The president added that her concern is that “a problem of invasion of this number of people here” would occur, which she described as “a time bomb for Costa Rica that urgently needs an immediate solution.”
“This is a gold rush. The gold is not going to leave here and more and more people are going to continue getting involved, better financed by organized crime to continue exploiting irrationally and with a security problem where we are not going to be able to cope,” Fernández added.
The Government of Nicaragua has transferred mining concessions in 84 lots between 2021 and 2026 to nineteen Chinese companies that occupy 1,274,908.33 hectares, which represents more than 8.5% of the Nicaraguan territory and that include protected, indigenous and/or Afro-descendant areas, according to records from the environmental NGO Fundación del Río, in a report titled ‘Chinese mining invasion in Nicaragua’.

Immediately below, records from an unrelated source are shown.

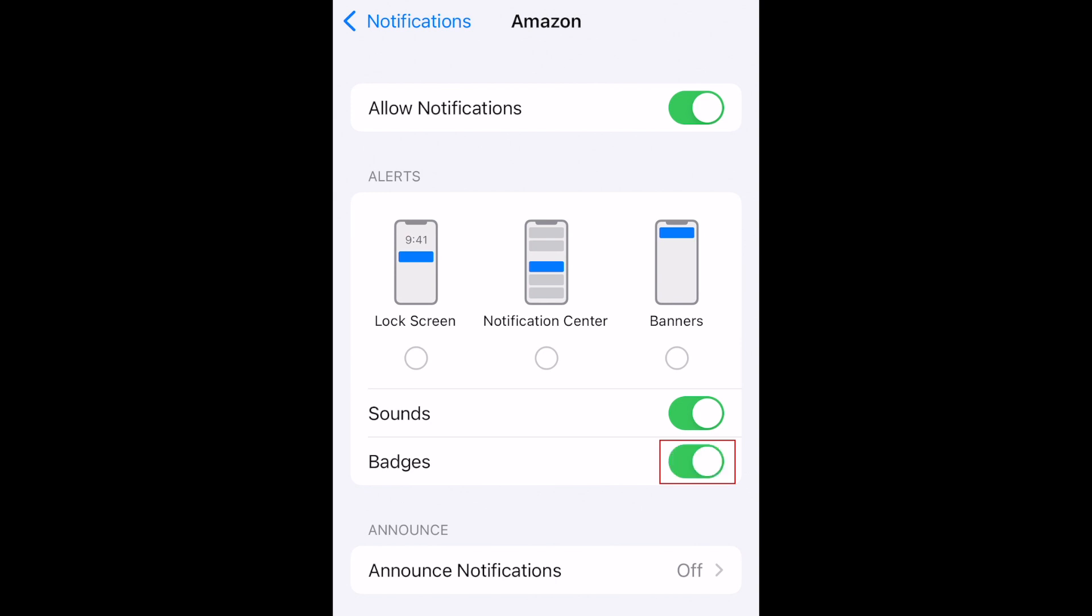Below, you can also allow or disallow badge notifications, which are the numbered circles that sit on the corner of an app icon.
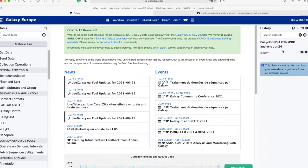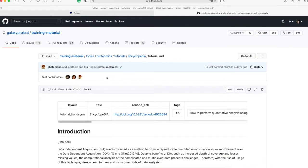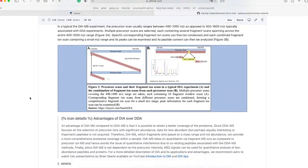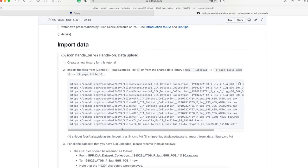Next, we will be importing the data. For this tutorial, we are using IPRG DIA data. Accessing the data is simple. Go to the linked Galaxy Training Network tutorial for Encyclopedia that is associated with this video. Scroll down to the Import Data section. Here you will find many Zenodo links, which is how we will be importing the data. Zenodo allows for online storage of files and direct import to your Galaxy history for analysis without the need to download very large files onto your computer. To do this, press the copy icon, which will copy all of the links, each associated with a data file needed to run the Encyclopedia workflow.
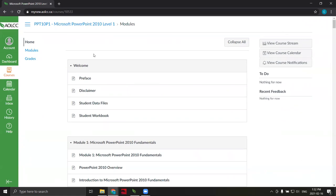Now get started by accepting any course invitations you have and navigating to your course.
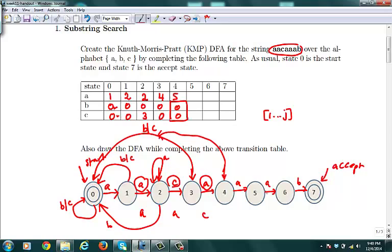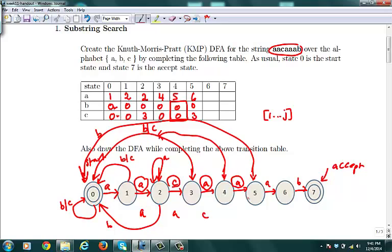When you're in state 5, getting an A takes you to state 6. For B or C, we simulate the substring ACAA on the DFA: A→1, C→0, A→1, A→2. That lands us at state 2, so we copy the state 2 entries — B gets 0 and C gets 3. Drawing the arrows: from state 5, a B jumps back to state 0 and a C jumps back to state 3.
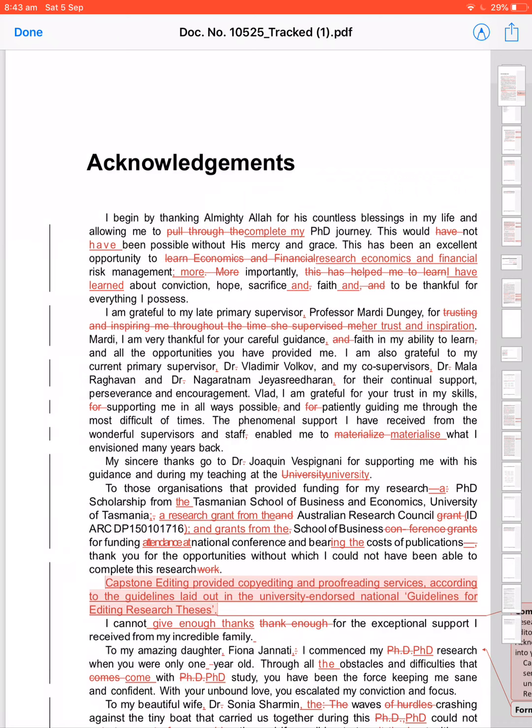Complete my—it is simple. They would have not been possible. Why would—they would have not, don't precede 'not' with 'have'. Would not have possible, not 'have not' is wrong. 'Not have' is right. This has been an excellent opportunity to learn economics and finance. In research you don't learn, you research. To research economics and finance.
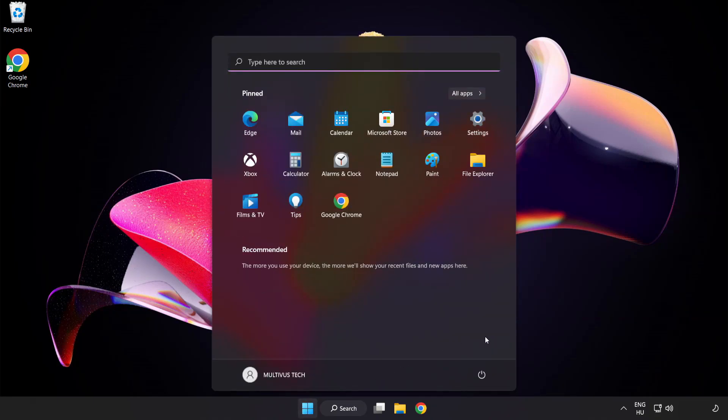Restart your PC. Problem solved. Like and subscribe.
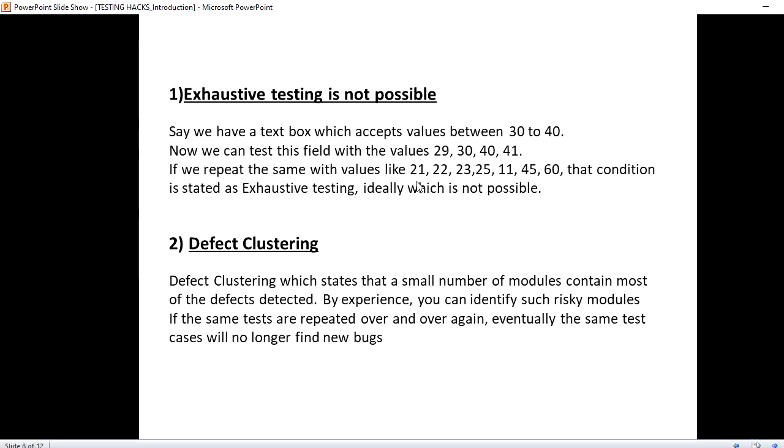Defect clustering. In a specific module, we are finding so many defects which forms a cluster of defects. And identifying the errors, by your experience, you will get to know where you can find the errors, where you can find the defects with which module. With the experience itself, you will get to know.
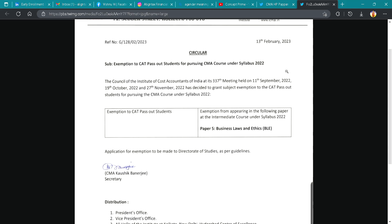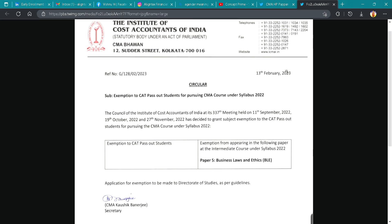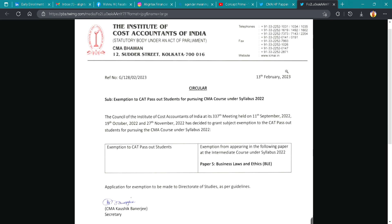Welcome. Today I am here with happy news. You may have come across this notification — it states that a student who has passed the CAD course would get an exemption in the Business Laws and Ethics paper of the intermediate course. The only condition is that the student should be under Syllabus 2022.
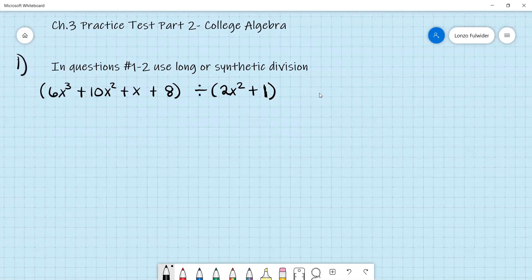Hi guys. Today we're on chapter three of practice test part two, which is part of the college algebra practice exam. The first problem says we have to divide 6x cubed plus 10x squared plus x plus 8 divided by 2x squared plus 1.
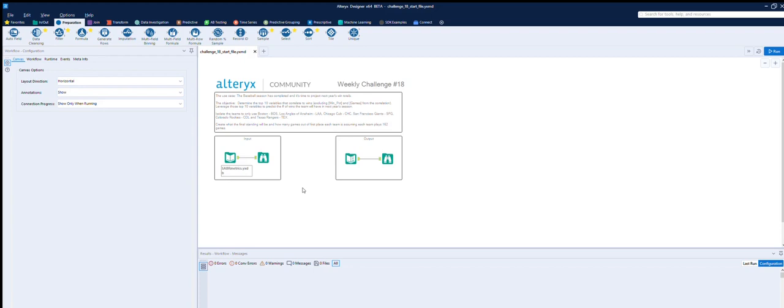Hello and welcome back to challenge number 18 of the Alteryx Weekly Challenges. My name is Nate Bignall and this is where I take you through the challenges one by one. This is my 18th challenge. Actually it's my 19th. I did 19 before 18, but that's another story.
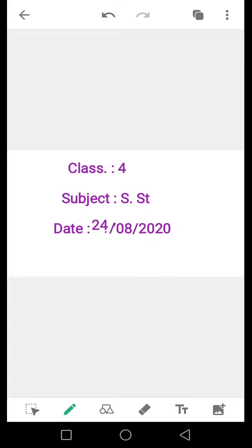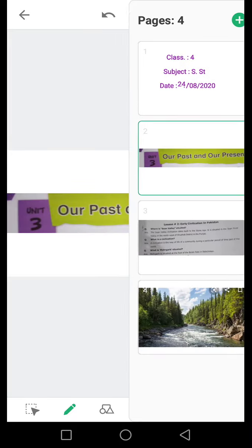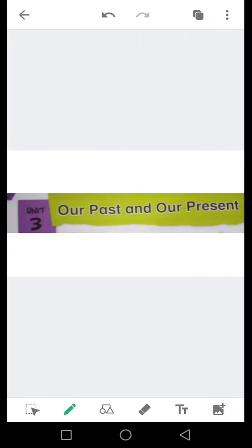Bismillah ar-Rahman ar-Rahim. Assalamu alaikum students, aap kaisei hain? Umeed hai ka aap sab khariyat sae hongi. Maa aapki assistant teacher Asmaa hain. Aaj ka hamara topic hai unit number 3: Our past and our present.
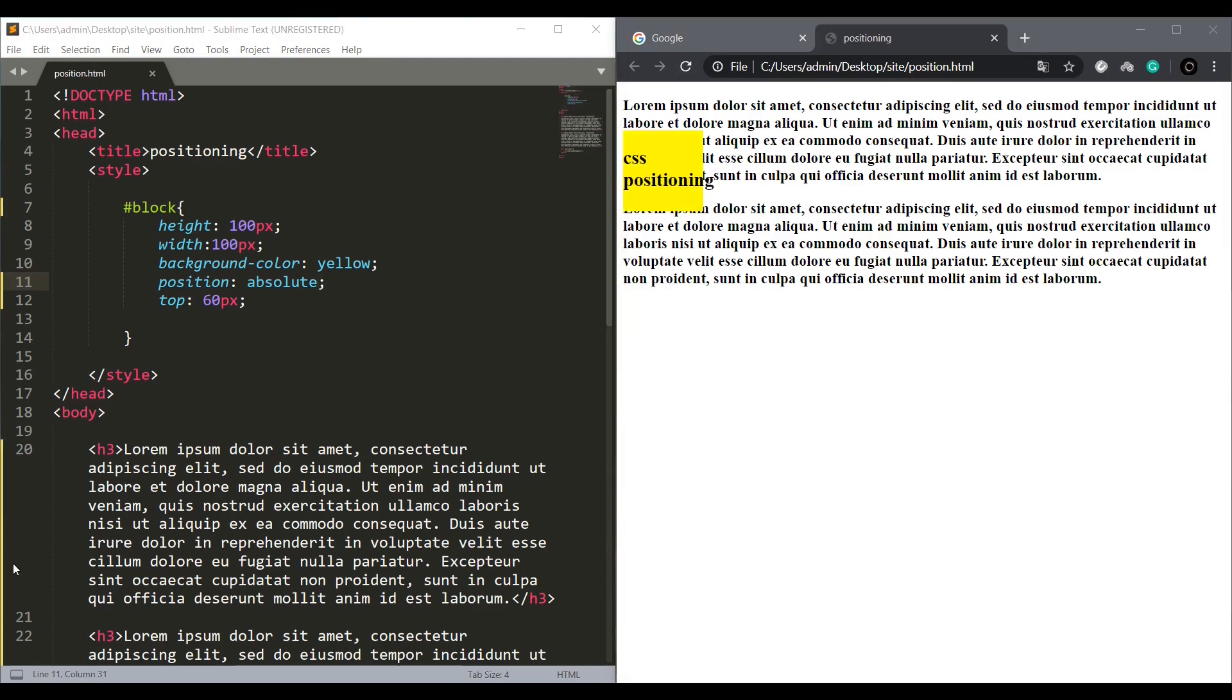The block is 60 pixels down from the top. And you can also see it's overlapping other elements. It places where the position is given. That's why absolute is used.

In mid-April 2026, The US sanctioned two sons of the Nicaraguan co-presidentsDaniel Ortega and Rosario Murillo, a vice minister, four other citizens and seven mining companies, all of them involved in the extraction and marketing of gold in the country.
Gold mining in Costa Rica, close to being reactivated
The Government of Costa Rica is promoting a bill in Congress to reactivate gold mining and grant concessions to companies in Las Crucitas, where police authorities constantly detain illegal miners, many of them Nicaraguan, and seize material and equipment used to extract gold in an artisanal way, which environmentalists claim has harmful effects on the environment.

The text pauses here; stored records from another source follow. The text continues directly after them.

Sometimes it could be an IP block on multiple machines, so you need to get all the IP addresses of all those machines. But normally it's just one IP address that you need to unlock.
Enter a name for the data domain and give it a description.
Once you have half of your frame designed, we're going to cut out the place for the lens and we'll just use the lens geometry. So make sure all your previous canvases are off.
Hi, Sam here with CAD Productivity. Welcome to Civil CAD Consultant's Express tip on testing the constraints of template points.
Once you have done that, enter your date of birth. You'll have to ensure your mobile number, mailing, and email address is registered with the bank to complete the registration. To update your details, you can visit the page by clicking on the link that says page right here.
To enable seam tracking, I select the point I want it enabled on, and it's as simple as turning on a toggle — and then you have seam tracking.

The president, who was evacuated on the morning of Friday, June 19, 2026, from the tour in Las Crucitas after an explosion was heard in the distance, urged the deputies to approve the bill for a company to exploit gold in the area and avoid environmental damage derived from illegal mining, in addition to stopping spending nearly 1.3 million dollars per month on security operations in the region.
An open pit gold mine was going to operate in Las Crucitas under concession to the Canadian mining company Infinito Gold, but after an extensive legal battle the company lost the concession in 2010 without having begun to build the mine and from then on the site was used by illegal artisanal miners who use techniques that use mercury and cyanide.
President Fernández said that there are records of illegal Nicaraguan miners who have been deported more than 35 times, which is why she will promote a bill to tighten controls.
Costa Rican government officials have also said several times that the gold extracted in Las Crucitas ends up in Nicaragua.